Marine Le Pen and Emmanuel Macron: Where the French Candidates Stand
PARIS — As Emmanuel Macron and Marine Le Pen prepare to face off in a presidential election on Sunday that will determine the future of France — and of Europe — the candidates are presenting vastly different views on core issues.
Ms. Le Pen, the far-right candidate of the National Front, is campaigning on an anti-immigration, anti-European Union, anti-globalization platform. Mr. Macron, a former economy minister and investment banker, is pro-business, in favor of free trade, and open to reinforcing economic and security ties with Europe.
With many French voters still undecided, we look at the candidates’ views on some of the major issues.
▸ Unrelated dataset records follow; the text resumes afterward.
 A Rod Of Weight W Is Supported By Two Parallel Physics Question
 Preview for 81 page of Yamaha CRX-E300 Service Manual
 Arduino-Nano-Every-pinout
Ms. Le Pen sees the European Union as the root of many of France’s ills, and argues that France would be better off outside the bloc. She has pledged to start negotiations with Brussels to overhaul European institutions as soon as she is elected, and to hold a national referendum on taking France out of the union. She also wants France to abandon the euro and bring back a national currency — an idea that has rattled business leaders and financial markets. She would also pull France out of European trade agreements that, in her view, harm its interests.
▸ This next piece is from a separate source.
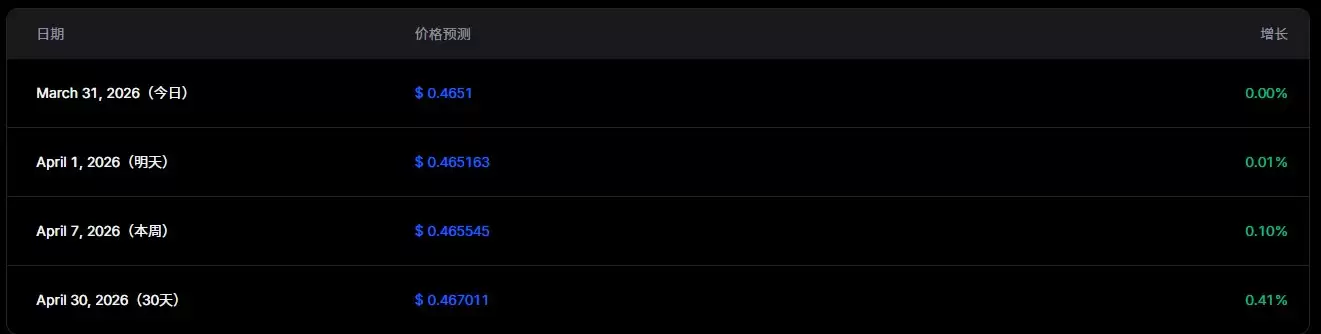 什么是Energy Web Token (EWT)?EWT短期vs长期价格预测、价格跳涨的原因是什么?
Mr. Macron says all that would be a disaster from which France — and Europe — might never recover. He wants more integration and cooperation with the European Union on fiscal, trade and social legislation, and he has called for a dedicated budget for the eurozone. He says he would also negotiate a deal between the European Union and China on economic, environmental and security issues.
As other European countries recover from the financial crisis, France’s economy has remained stagnant, with unemployment stuck around 10 percent for four years.
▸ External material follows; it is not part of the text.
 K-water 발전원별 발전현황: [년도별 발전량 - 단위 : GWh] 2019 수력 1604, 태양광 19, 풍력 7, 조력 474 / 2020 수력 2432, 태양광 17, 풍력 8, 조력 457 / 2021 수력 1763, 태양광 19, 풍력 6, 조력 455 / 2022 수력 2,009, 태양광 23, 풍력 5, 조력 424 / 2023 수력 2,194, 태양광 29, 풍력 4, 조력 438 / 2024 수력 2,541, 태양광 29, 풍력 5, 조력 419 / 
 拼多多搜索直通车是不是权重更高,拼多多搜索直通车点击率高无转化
Mr. Macron, who wants to keep France open to globalization, says he would jump-start stagnant growth with a business-friendly labor and tax overhaul that would make it easier for companies to hire and fire workers. He has vowed to cut taxes for workers and corporations and to invest 50 billion euros, or about $55 billion, in training, the environment, agriculture and infrastructure, while cutting €60 billion in public spending.
Ms. Le Pen says the types of deregulatory policies that Mr. Macron embraces would only make the position of workers more precarious. She calls for “intelligent protectionism” and backs nationalistic economic policies, such as favoring French businesses for public contracts. She would cut taxes for small businesses and put a 35 percent tax on products made by French companies abroad, while raising taxes on foreign workers to try to ensure “priority hiring of French people.”
Ms. Le Pen has seized on recent terrorist attacks and the influx of refugees into Europe to make immigration one of the hot-button issues of the campaign. She says she would restore national border controls and pull France from Schengen, an agreement that allows citizens of European countries to move freely among signatory nations. Legal immigration would be capped at 10,000 people a year, and refugees could apply for asylum only from outside France.
Mr. Macron says he would make France more attractive to skilled immigrants by shortening the visa application process, promoting “talent” visas and financing programs to help immigrants become more fluent in French. He would strengthen border security by hiring 5,000 more border guards, and would speed the process for asylum requests so that those who are denied could not linger in the country.
Tackling what Ms. Le Pen calls Islamic fundamentalism is a central axis of her campaign. She plans to dismantle organizations suspected of falling under extremist influence, deport foreigners suspected of having ties with Islamist extremist groups, and strip binational extremists of citizenship. To maintain security, she says she would add 50,000 military posts and 15,000 police jobs, and increase prison capacity by 40,000.
Mr. Macron wants to strengthen counterterrorism activity at the European level and reinforce French security and intelligence services. He hopes to recruit 10,000 additional police officers and increase prison capacity by 15,000. Cybersecurity and cyberdefense would be a national priority. He also favors creating a European defense fund and a European security council to help combat terrorism. And he would maintain a state of emergency put in place after the Paris terrorist attacks of November 2015.